2Measurement precision
If highly precise satellite receivers are used, then positioning accuracy is sufficient for highly automated or autonomous driving, but the expense is significant
Solution Approach 1:
The patent segments the positioning task into two parts: using inexpensive satellite receivers for coarse position estimation and using local geometric feature matching for fine position refinement. This segmentation allows the system to achieve high precision without requiring an expensive high-precision satellite receiver throughout, reducing overall cost while maintaining accuracy.
Solution Approach 2:
The patent introduces geometric feature descriptors and point cluster matching as an intermediary between the low-cost satellite receiver and the final high-precision position determination. The satellite receiver provides an initial position estimate, and the intermediary geometric feature matching process refines this to achieve the required precision for autonomous driving, avoiding the need for expensive direct high-precision satellite hardware.
3Measurement precision
If only semantic landmarks are used for localization, then positioning can be performed in regions with recognized features, but the number of available features is limited
Solution Approach 1:
The patent creates a universal feature representation system that can handle both traditional semantic landmarks and non-semantic geometric features through the same processing pipeline.

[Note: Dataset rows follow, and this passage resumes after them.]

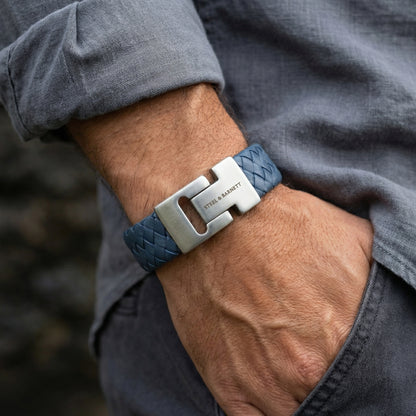 Blue braided leather men’s bracelet with brushed stainless steel clasp shown on wrist in a casual setting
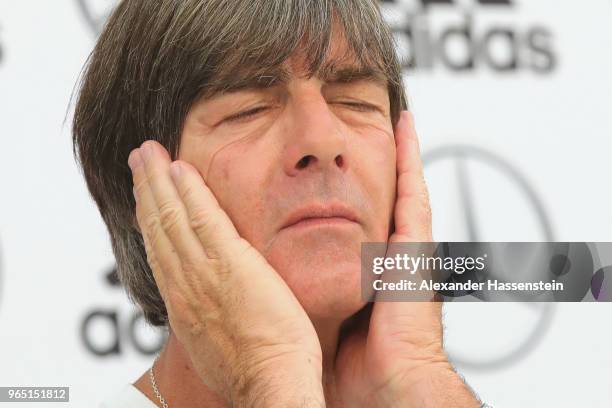 Joachim Loew, head coach of the German national team reacts during a press conference of the German national team at Sportanlage Rungg on day ten of...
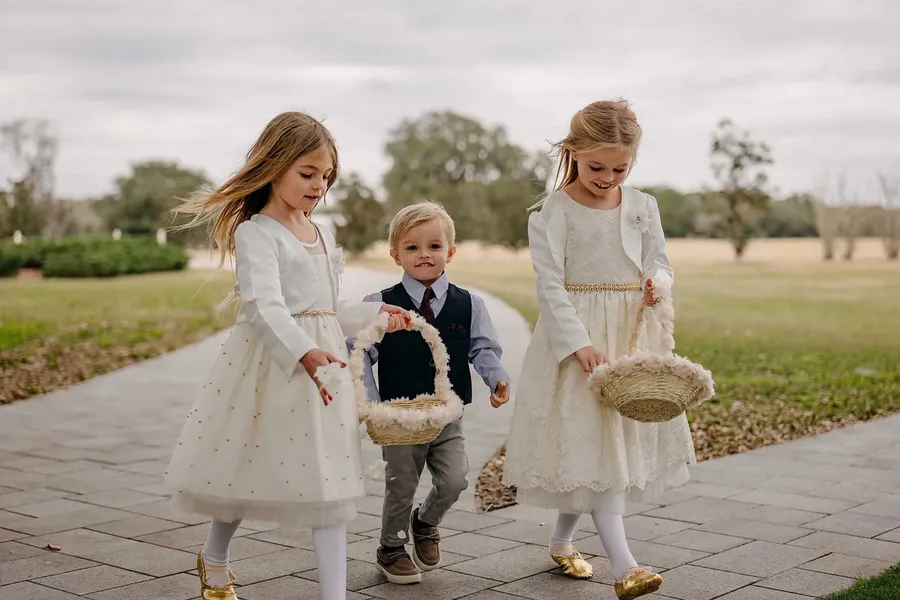 Two flower girls and a ring bearer walking the aisle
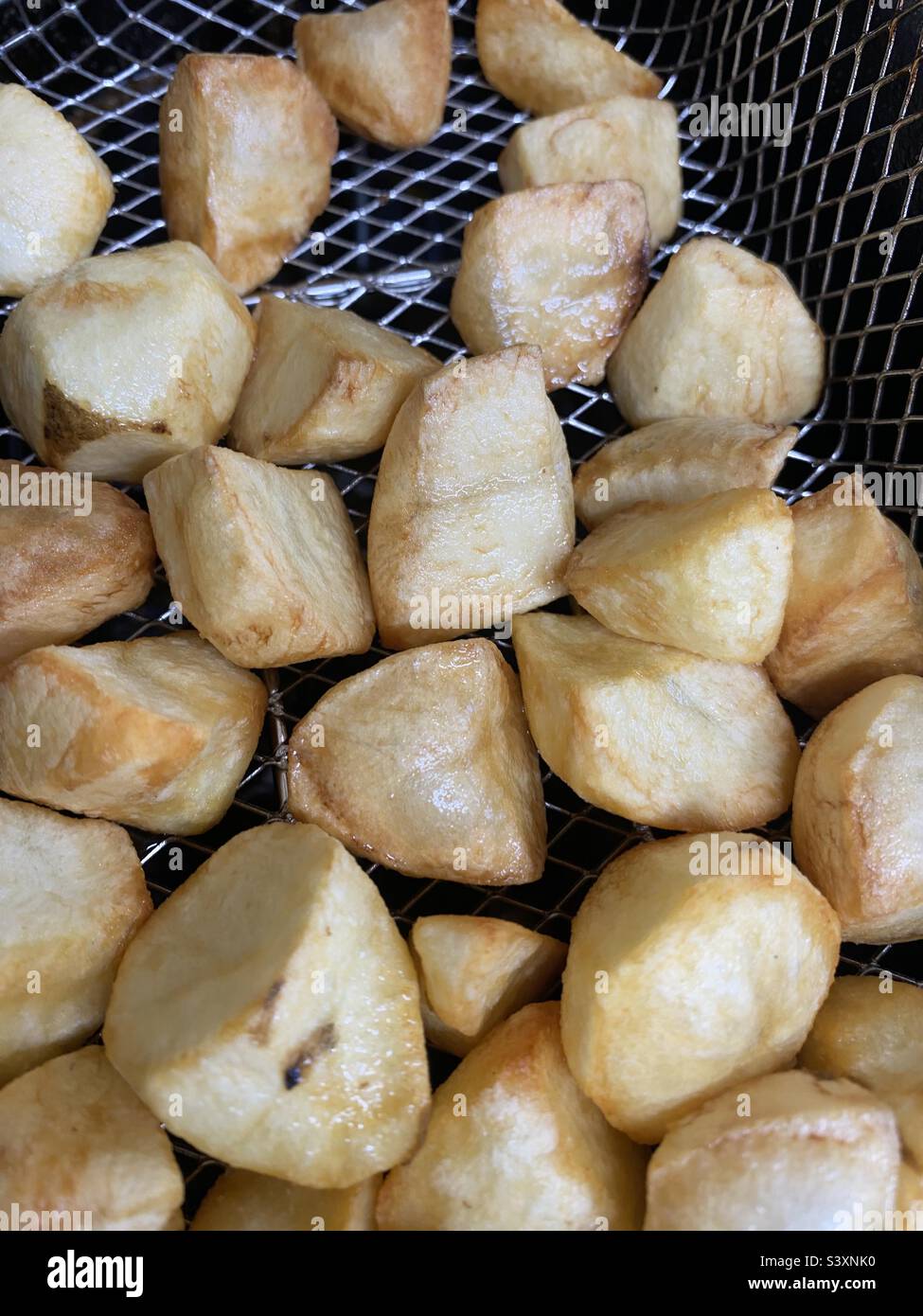 Mini Spuds in a Fryer basket - Smartphone Captured Stock Image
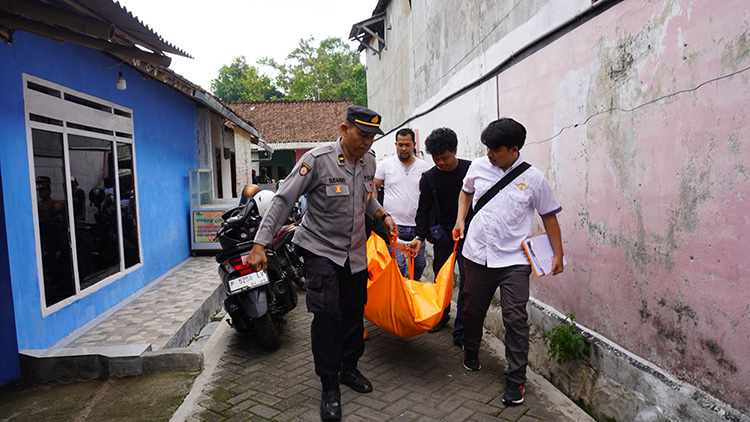 DIEVAKUASI: Anggota Polsek Patrang bersama Satreskrim Polres Jember saat mengevakuasi warga Gebang yang meninggal, untuk dibawa ke kamar mayat RSD dr Soebandi Jember, Rabu (13/12) siang.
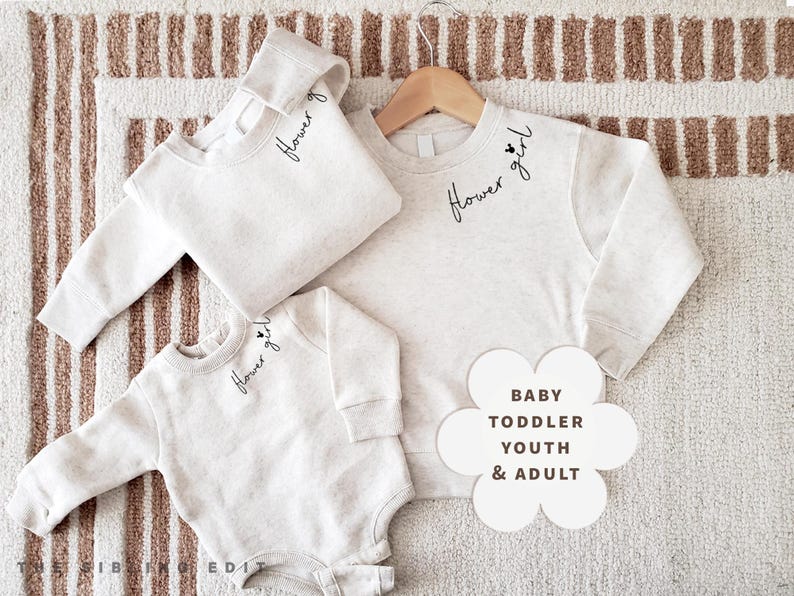 May include: Three light grey sweatshirts and a onesie with the words "Flower girl" in script. Sizes include baby, toddler, youth, and adult. The items are displayed on a striped rug.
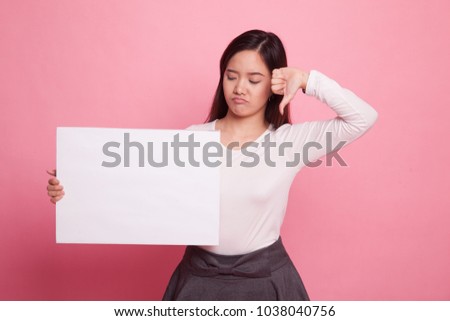 Young Asian woman show thumbs down with white blank sign on pink background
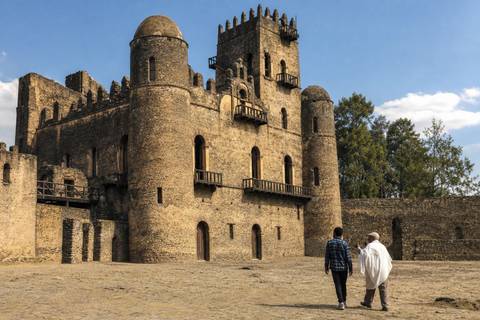 Fasilides Castle with round stone towers and arched openings inside Gondar's royal enclosure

The point cluster descriptors and geometric relationship analysis can work with any environmental feature, making the system multi-functional and able to utilize a much larger quantity of features from diverse sources (sensor data points, natural features, artificial structures) without requiring separate processing methods.
Data Source
AI summary
A computer-implemented method for generating non-semantic reference data for determining the position of a motor vehicle involves a set of raw data points being provided that models a stipulated surrounding area. A stipulated descriptor characterizing a property of the surrounding area is determined for each of the raw data points. At least one point cluster is generated by grouping the raw data points on the basis of their descriptors. A characteristic number relating to an information gain for determining the position of the motor vehicle is assigned to a first point cluster on the basis of the descriptors of the raw data points. The characteristic number is taken as a basis for storing feature information of the first point cluster on a memory unit as non-semantic reference data for determining the position.